++++ Data extract

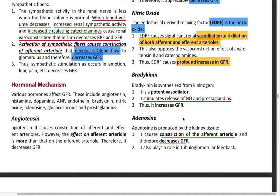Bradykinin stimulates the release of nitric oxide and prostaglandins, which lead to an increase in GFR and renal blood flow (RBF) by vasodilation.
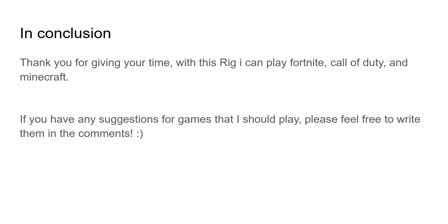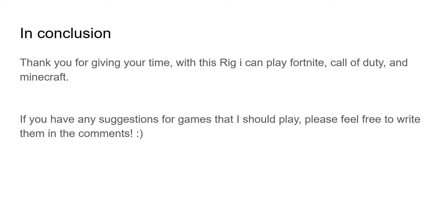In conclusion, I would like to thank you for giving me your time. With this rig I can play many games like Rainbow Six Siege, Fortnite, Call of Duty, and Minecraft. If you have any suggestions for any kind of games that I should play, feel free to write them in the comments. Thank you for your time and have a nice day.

++++++++
++++ Data extract

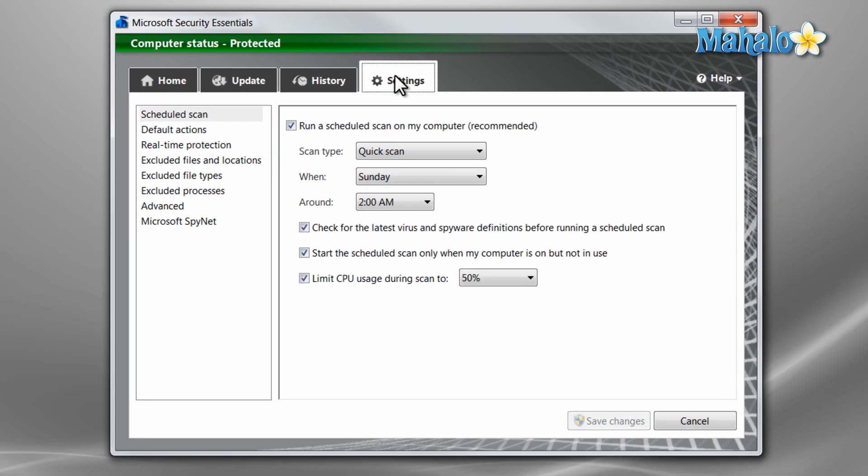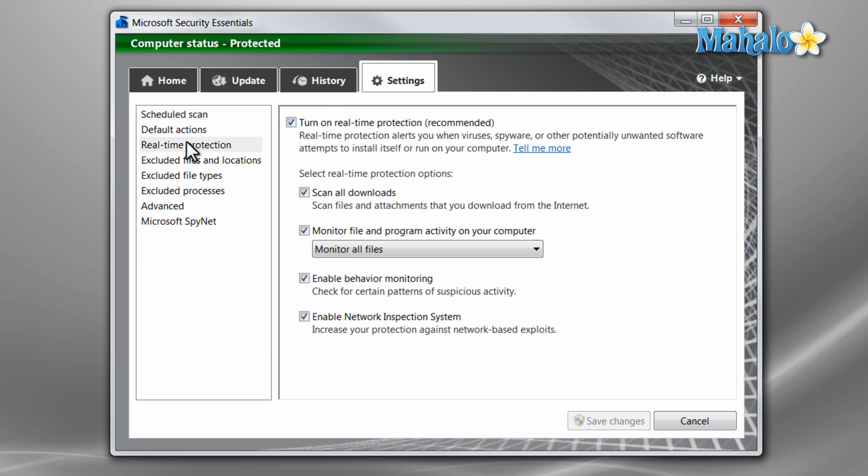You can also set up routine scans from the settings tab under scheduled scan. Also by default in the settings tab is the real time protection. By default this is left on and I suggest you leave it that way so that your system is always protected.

++++++++

## Exercise objective
Every line above from the one with "Bradykinin stimulates the" down to the one with "In conclusion, I" must be written out exactly, and no picture may appear.

## Answer below
Bradykinin stimulates the release of nitric oxide and prostaglandins, which lead to an increase in GFR and renal blood flow (RBF) by vasodilation.
In conclusion, I would like to thank you for giving me your time. With this rig I can play many games like Rainbow Six Siege, Fortnite, Call of Duty, and Minecraft. If you have any suggestions for any kind of games that I should play, feel free to write them in the comments. Thank you for your time and have a nice day.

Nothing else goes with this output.